# Conjecture: "SST=SSR+SST does not imply y(x) is an optimal sLR-line" (sLR:=simple Linear Regression)

#### Hermann

##### New Member
Let y(x) = a + bx be a regression-line with a=intercept and b=slope, with b <> 0 then:
I can proof: y(x) is an optimal regression ==> SST = SSR + SSE (*)
Sketch of Proof: Proof that SST=SSR+SSE under the condition: y(x) is optimal <=> dR²/da=0 (1) and dR²/db=0 (2) for y(x).
(R² := 1 -SSE/SSR "R-Squared"). Then the conditions (1) and (2) let to an equation which proves (*)...

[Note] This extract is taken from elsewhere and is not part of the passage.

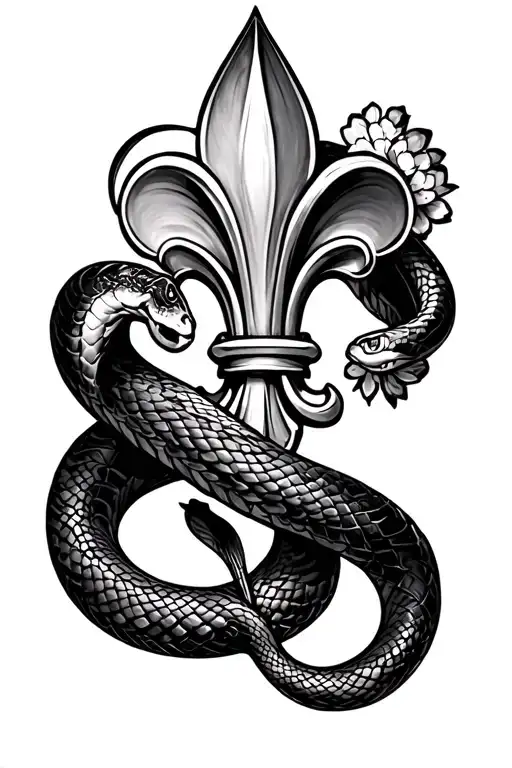 Make A Forearm Sleeve Tattoo Of A Fleur De Lis With A Snake Wrapped Around It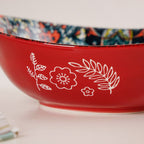 Red Mystic Mandala Ceramic Long Dish 400ml Nestasia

My idea: The proof of the above conjecture is “not easy” and maybe a little hard to understand. Easier would it be to construct a counterexample.
To construct a counterexample: define a Training Set TS= {observation-points}; a sLR-line which has condition (*), but is not an optimal sLR-line.

My question: Exist an easy conterexample? Or any other ideas?

#### Hermann

##### New Member
Thanks. But this is the direction of the proof: (y(x) is an optimal SLR) ===> (SST = SSR + SSE) (in words: " the left statement implies the right statement". This is shown in your remark. I have seen this and it is clear for me (Thanks, for your confirmation!!!).
But, I am interested in the other direction. In words: "From (SSt = SSR + SSE) follows (y(x) is an optimal sLR). I think. this is wrong!! So for me, as long as I can not prove it, it is a conjecture. So I am looking for an easy counterexample to make a theorem out of this conjecture. Did you understand my problem? Did you think, I'm right with my conjecture? Or need you some more details? PS. Sorry, for my "poor" English, but I'm not a native English speaker.

#### fed2

##### Member
Im thinking this has the flavor of gauss-markov theorem. So if optimal is 'BLUE', then the least squares estimate, for which * holds is optimal when the data are homogenous variance. But it would be not true when the y are not homo-skedastic (scedastic?). so that's a counter example i reckon.

#### Dason

##### Ambassador to the humans
I think OP needs to define what they mean by 'optimal regression'

#### Hermann

##### New Member
An optimal simple Linear Regression line, is per Definition a line for which R² is maximal. R² := 1- SSE/SST (well known R-Square condition).

#### Dason

##### Ambassador to the humans
Ok. That is equivalent to what I would consider the more well known condition of minimizing SSE.

#### fed2

##### Member
my spider sense is telling me that this definition of optimality may be problematic? That is, doesn't it create an automatic tautology between optimality and least squares? ie you have defined optimality to be equivalent to least squares (if and only if)?

#### Hermann

##### New Member
Hello fed2: I use the notation "a line is an "optimal" simple Linear regression (sLF) - line if R² is maximal (which is the same as SSE is minimal). So this is just another formulation of the R² condition. I use the R² to calculate with the "Least Square Fit" method the parameters a, b of an optimal sLR-line y(x) = a +b*x (a=intercept and b = slope of the line).
So I think, I use the correct definitions... (guess there is not tautology..).
I can prove: (optimal sLR) ===> SST=SSR+SSE. My question/problem is: Is the other direction "<===" true or false. Did you understand? Who can answer the question? Any ideas?

#### fed2

##### Member
hmm maybe it isn't. I think the reverse implication you are referring to is essentially a statement of pythagoras' thrm

"If in a triangle the square on one of the sides equals the sum of the squares on the remaining two sides of the triangle, then the angle contained by the remaining two sides of the triangle is right."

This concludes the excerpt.